Okay, so let’s pretend you have to survive in the wild for a while. Maybe a couple weeks or so.

…Or maybe there’s no survival issue at all. Perhaps you just want to get your own tools and practice making your own bowl for the fun of it.

It feels quite rewarding when you take responsibility and do some things yourself.

Anyway, here’s one method for making a bowl:

1. Choose Your Preferred Wood Block

You can just purchase this on your own…or you can chop down your own tree. You can use any shape wood block – and you can cut to follow the diameter or circumference of a tree.

It doesn’t matter. You just need a large enough piece of wood to make a bowl size that makes you happy.

2. Create a Rough Outline

You’ll need something to write with.

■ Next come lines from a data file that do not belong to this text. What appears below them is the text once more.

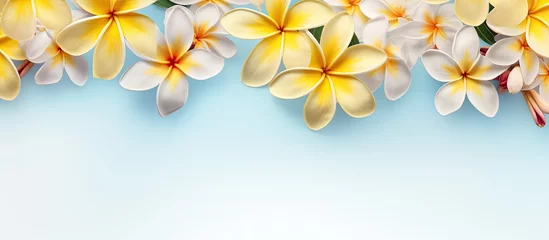 Foto auf Leinwand Flawless arrangement of tiny frangipani and plumeria flowers in yellow on a isolated pastel background Copy space © HN Works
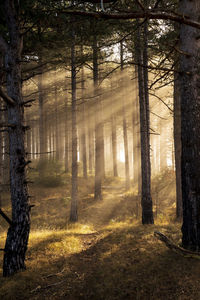 Sunlight streaming through trees in forest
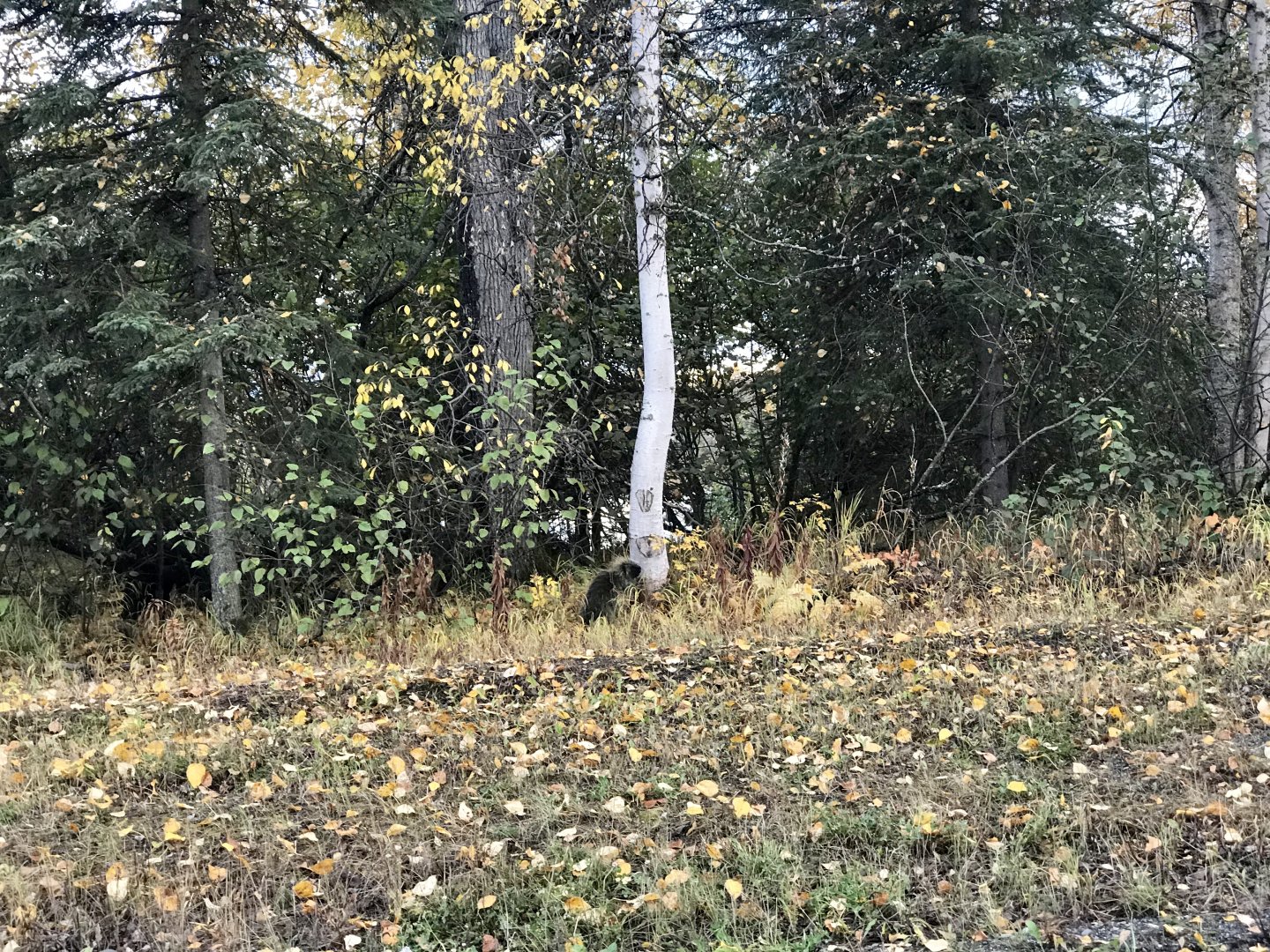 North American Porcupine - Alaska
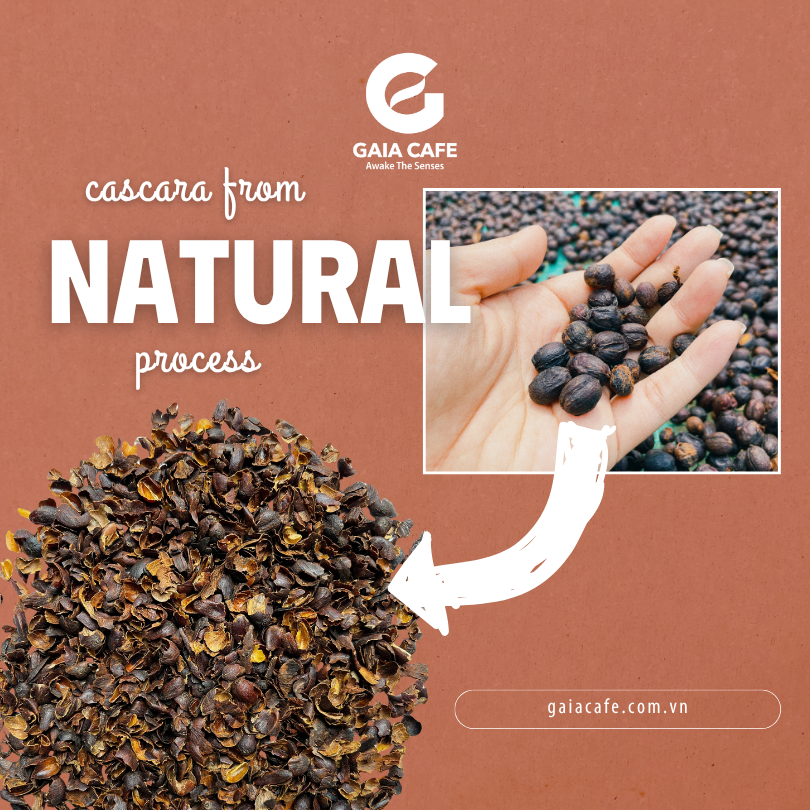 Cascara made from Natural process (1)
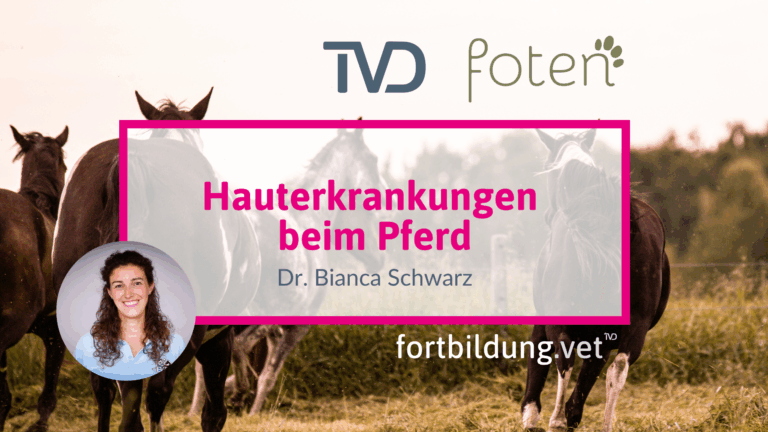 fortbildung.vet Titelbild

Ideally, you have a thick carpenter’s pencil. Measure out the diameter of your bowl with a tape measure.

Draw one circle to create the outside edge of your bowl. Then, inside that circle, draw another to mark the inner edge of your bowl.

A large bowl is about an inch thick.

3. Start Cutting the Inside

Ideally, you have an adze tool for cutting the initial rough shape of your bowl. However, you can also simply use a small hand axe.

Initially, you don’t have to be highly precise with your cutting. However, as you cut farther into your bowl, make sure you cut only as deep as you need to get to the desired thickness of your bowl.

Once you get close enough to the right shape, do your precision cutting with a carving knife.

4. Cut the Outside

Here, you can again begin cutting with a hand axe. However, once you’ve removed much of the wood initially, you can switch over to your carving knife to keep precision.

During this process, you don’t want to punch through the walls of your bowl!

Basically, this is all you do until you have your bowl the shape you want.

5. Sanding

If you’re in a true survival situation, you may want to skip this part to save your energy for more essential survival tasks. It’s mostly for aesthetics.

However, if you want a good-looking bowl you’re proud of, start with 400-grit sandpaper, and then move to 800 and 1200-grit to give your bowl a finished look.

You can even melt beeswax and mineral oil to create an attractive color for your bowl.

So, that’s the basics on how to create your own bowl if you ever find yourself in a survival situation requiring it.